Items from a data source:
<<<<
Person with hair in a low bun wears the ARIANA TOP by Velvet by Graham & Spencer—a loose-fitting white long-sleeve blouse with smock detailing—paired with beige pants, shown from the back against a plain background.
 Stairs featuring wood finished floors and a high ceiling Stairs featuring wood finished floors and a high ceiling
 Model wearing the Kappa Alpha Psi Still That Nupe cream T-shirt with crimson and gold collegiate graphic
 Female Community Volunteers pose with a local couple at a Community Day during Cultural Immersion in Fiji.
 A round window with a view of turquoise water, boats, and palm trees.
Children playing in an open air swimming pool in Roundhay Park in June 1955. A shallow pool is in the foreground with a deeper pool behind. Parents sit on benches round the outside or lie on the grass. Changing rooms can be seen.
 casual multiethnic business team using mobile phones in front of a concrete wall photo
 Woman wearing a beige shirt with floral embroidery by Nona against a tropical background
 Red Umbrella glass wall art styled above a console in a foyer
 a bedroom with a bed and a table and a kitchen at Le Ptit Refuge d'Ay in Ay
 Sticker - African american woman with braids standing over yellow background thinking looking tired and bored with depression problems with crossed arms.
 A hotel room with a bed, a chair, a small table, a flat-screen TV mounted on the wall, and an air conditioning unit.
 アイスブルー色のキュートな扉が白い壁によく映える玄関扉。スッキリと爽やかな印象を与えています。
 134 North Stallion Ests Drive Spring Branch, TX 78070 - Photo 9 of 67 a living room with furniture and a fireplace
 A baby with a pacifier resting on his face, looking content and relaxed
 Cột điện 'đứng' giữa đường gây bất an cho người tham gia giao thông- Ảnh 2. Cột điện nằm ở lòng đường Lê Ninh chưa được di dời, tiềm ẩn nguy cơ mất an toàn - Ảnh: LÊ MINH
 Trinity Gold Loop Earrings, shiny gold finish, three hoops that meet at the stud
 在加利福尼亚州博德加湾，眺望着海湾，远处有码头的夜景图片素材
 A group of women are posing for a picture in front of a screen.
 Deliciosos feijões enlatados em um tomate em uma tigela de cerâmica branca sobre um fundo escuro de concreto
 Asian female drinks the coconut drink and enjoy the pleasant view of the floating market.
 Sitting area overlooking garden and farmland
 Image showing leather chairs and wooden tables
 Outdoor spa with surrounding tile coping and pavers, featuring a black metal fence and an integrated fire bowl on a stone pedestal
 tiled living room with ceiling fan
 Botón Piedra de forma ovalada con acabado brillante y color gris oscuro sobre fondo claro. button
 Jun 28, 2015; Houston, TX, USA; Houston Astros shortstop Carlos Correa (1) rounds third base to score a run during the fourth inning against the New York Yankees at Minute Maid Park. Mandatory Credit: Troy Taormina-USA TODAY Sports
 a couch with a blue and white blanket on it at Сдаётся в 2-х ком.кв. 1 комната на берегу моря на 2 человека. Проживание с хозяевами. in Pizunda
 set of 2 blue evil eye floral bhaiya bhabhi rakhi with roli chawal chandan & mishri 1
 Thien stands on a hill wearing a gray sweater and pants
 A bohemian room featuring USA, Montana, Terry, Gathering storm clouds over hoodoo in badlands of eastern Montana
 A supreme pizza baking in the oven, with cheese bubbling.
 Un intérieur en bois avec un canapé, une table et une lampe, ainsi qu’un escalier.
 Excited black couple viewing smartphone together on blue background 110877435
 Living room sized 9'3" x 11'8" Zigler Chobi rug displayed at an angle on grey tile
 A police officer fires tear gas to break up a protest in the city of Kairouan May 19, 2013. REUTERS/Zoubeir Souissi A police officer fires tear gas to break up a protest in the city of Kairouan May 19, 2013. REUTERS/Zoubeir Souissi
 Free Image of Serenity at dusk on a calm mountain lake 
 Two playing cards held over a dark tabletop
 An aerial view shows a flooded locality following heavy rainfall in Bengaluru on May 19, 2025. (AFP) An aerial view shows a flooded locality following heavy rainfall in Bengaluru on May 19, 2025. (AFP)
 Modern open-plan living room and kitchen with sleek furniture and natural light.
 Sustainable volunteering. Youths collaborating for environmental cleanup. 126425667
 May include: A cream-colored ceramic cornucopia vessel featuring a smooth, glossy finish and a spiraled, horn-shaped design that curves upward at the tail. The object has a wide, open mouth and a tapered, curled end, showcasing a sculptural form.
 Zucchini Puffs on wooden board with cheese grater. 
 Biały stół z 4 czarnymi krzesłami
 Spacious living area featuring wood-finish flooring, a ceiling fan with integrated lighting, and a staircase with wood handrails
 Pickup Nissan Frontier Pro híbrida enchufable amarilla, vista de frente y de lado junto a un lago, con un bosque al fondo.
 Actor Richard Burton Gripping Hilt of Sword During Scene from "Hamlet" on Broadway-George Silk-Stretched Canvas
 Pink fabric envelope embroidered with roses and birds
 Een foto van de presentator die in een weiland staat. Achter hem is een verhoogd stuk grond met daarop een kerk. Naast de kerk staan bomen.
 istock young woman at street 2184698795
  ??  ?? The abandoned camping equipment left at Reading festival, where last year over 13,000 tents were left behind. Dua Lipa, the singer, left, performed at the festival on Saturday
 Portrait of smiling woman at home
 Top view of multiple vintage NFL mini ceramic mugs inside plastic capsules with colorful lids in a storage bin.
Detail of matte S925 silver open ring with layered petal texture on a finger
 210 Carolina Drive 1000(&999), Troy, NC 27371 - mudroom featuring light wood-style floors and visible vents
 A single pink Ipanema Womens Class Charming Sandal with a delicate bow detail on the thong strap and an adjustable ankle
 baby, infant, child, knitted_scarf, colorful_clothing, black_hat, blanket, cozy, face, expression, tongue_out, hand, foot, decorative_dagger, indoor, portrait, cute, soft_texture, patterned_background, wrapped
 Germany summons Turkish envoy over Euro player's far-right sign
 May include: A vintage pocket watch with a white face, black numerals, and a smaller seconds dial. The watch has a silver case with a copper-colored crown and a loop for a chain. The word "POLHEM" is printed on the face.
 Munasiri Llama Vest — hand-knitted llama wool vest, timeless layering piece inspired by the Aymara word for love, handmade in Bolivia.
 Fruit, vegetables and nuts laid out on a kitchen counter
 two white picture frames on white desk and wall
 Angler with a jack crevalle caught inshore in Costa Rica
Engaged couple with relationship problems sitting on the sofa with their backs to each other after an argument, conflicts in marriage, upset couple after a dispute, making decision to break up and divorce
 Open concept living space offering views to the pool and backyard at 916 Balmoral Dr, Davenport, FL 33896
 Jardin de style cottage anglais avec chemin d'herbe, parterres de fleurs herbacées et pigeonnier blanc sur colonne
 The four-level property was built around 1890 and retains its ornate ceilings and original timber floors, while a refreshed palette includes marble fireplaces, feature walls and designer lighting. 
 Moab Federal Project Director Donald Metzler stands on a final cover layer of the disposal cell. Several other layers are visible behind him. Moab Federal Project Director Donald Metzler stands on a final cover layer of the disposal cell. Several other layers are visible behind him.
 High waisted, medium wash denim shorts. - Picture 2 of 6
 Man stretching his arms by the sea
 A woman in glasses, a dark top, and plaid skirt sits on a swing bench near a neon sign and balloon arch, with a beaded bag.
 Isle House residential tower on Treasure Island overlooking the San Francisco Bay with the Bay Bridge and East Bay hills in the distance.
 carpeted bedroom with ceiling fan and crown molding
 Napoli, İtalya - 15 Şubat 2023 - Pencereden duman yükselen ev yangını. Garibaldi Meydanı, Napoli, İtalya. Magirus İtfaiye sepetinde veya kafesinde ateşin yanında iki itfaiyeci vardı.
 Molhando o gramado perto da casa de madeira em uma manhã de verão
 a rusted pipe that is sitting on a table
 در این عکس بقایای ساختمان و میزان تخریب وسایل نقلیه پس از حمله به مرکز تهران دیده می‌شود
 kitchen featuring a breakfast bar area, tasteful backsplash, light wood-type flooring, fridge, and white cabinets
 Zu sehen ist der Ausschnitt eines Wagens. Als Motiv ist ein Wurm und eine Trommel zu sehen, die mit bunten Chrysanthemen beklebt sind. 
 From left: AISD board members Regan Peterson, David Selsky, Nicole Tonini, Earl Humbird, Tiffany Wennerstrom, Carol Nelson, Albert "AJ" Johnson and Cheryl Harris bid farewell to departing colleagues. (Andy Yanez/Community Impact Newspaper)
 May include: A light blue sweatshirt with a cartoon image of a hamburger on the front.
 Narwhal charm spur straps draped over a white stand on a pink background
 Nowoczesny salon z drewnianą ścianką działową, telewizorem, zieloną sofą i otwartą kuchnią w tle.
>>>>
*Problem*: Extract every line of the records above that contains the word "flooring".

*Completed exercise*:
 Spacious living area featuring wood-finish flooring, a ceiling fan with integrated lighting, and a staircase with wood handrails
 kitchen featuring a breakfast bar area, tasteful backsplash, light wood-type flooring, fridge, and white cabinets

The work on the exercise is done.